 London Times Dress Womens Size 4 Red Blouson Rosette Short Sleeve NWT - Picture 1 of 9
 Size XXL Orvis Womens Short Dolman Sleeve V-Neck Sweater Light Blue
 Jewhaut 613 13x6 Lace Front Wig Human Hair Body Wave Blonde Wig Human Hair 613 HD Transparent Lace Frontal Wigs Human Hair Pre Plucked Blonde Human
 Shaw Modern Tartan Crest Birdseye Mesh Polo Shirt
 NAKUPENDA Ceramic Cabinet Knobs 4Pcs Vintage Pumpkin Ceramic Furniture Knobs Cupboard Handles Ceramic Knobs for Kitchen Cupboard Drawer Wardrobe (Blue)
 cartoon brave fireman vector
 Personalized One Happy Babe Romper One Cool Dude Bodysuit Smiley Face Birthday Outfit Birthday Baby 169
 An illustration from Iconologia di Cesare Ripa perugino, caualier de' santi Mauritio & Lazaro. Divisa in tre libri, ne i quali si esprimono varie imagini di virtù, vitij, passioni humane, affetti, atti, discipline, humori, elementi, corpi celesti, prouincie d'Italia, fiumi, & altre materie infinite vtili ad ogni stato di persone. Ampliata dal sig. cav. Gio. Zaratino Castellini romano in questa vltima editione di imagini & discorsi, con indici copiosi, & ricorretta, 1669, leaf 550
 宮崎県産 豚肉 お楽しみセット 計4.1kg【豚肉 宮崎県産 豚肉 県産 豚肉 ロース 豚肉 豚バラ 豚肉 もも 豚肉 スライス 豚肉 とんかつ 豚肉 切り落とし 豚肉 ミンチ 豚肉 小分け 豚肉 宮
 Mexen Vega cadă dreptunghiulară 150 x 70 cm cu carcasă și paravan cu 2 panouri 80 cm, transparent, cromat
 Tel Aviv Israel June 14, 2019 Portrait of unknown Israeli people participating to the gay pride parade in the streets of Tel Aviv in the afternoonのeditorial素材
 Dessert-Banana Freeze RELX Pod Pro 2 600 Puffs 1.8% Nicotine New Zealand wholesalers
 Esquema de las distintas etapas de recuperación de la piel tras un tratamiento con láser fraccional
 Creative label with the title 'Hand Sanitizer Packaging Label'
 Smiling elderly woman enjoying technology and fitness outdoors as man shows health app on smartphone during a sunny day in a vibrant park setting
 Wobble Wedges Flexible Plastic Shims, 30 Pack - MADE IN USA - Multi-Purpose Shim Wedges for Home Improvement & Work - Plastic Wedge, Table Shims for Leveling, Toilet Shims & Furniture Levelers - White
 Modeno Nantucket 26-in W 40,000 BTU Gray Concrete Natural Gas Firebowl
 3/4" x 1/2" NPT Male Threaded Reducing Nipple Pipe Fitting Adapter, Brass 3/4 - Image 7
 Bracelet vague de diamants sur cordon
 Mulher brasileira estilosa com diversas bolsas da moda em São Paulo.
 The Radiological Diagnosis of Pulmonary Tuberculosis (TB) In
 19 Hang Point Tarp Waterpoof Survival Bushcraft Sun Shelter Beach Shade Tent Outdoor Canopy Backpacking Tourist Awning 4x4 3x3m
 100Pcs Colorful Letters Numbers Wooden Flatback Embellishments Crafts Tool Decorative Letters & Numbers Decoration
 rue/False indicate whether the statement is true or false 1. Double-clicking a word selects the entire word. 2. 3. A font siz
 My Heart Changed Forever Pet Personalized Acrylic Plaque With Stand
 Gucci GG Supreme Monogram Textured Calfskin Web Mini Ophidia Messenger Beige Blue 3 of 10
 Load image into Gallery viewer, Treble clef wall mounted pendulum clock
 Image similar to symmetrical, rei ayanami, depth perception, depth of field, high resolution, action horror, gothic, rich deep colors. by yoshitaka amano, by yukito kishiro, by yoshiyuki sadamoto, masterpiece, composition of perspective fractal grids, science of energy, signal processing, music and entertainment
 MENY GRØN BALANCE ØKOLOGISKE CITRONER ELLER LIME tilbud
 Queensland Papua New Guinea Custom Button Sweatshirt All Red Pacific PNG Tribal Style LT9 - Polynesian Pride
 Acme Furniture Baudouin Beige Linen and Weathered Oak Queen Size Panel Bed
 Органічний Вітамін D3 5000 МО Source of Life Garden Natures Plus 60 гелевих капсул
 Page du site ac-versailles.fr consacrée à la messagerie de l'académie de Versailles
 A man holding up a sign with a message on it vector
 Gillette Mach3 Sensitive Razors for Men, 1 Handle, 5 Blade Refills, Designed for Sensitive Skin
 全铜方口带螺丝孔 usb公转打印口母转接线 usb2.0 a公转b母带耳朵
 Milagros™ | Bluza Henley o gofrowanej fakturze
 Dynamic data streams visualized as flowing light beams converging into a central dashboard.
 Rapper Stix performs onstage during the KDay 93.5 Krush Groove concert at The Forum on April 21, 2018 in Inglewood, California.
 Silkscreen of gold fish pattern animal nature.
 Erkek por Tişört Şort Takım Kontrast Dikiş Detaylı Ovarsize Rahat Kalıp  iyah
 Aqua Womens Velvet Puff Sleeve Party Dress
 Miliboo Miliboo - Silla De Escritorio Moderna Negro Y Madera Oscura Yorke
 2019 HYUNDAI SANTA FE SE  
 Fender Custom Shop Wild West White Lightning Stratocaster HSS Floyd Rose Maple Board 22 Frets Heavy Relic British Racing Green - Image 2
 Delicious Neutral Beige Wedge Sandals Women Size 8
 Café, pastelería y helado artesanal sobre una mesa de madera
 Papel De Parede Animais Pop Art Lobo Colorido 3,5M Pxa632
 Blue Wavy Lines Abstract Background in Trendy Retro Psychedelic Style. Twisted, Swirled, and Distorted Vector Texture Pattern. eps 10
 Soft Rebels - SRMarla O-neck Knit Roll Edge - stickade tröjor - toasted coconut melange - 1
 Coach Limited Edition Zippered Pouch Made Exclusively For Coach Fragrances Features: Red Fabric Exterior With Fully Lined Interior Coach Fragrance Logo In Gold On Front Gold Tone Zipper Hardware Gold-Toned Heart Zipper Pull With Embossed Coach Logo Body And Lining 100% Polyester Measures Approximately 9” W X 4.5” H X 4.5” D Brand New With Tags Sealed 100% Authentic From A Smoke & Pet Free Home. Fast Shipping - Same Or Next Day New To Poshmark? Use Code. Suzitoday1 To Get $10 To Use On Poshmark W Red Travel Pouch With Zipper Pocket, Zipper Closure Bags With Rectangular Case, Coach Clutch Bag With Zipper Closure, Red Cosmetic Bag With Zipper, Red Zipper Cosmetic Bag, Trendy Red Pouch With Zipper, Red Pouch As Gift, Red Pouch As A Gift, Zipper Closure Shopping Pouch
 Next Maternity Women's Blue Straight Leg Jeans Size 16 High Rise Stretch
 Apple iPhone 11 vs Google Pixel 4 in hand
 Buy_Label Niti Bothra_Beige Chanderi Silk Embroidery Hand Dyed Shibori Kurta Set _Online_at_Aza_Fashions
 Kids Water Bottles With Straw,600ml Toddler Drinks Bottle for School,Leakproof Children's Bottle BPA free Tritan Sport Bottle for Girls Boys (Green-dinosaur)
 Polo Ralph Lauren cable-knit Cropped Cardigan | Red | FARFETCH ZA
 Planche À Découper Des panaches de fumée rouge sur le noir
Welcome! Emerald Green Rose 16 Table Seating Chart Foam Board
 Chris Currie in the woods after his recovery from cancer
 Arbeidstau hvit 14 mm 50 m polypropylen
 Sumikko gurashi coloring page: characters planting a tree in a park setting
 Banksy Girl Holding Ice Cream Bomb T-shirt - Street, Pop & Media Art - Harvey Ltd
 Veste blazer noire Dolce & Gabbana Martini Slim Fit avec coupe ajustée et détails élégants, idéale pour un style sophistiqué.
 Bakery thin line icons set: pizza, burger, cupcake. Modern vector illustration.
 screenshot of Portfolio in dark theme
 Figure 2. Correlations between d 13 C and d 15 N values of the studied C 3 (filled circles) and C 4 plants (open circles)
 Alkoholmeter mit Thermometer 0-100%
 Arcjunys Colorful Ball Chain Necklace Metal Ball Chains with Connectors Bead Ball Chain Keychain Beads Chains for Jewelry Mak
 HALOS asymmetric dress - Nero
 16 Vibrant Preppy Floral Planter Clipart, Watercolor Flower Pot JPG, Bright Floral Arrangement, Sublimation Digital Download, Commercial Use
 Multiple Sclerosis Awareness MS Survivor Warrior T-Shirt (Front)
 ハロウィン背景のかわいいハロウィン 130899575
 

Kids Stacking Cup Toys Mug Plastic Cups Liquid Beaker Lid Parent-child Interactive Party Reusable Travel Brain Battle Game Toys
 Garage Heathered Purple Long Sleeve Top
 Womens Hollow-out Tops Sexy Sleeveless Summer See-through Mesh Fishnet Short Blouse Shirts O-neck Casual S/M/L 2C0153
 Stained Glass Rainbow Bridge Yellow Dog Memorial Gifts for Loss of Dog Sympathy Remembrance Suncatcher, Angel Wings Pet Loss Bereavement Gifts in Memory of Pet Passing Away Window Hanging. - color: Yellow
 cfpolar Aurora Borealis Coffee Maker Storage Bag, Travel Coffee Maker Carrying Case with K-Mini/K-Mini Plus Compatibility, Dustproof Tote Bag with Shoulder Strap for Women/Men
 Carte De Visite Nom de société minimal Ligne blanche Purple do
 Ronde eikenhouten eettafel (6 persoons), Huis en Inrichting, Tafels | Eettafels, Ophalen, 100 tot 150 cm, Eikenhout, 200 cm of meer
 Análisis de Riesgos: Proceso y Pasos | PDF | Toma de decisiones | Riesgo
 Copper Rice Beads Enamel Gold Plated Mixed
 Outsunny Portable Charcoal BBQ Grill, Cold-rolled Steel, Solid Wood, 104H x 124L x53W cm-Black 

**Exercise prompt**. Taking the entries above, write out exactly each line from the one holding "2019 HYUNDAI SANTA FE SE" to the one holding "Papel De Parede", both included, and stop there.

**Written solution**.
 2019 HYUNDAI SANTA FE SE  
 Fender Custom Shop Wild West White Lightning Stratocaster HSS Floyd Rose Maple Board 22 Frets Heavy Relic British Racing Green - Image 2
 Delicious Neutral Beige Wedge Sandals Women Size 8
 Café, pastelería y helado artesanal sobre una mesa de madera
 Papel De Parede Animais Pop Art Lobo Colorido 3,5M Pxa632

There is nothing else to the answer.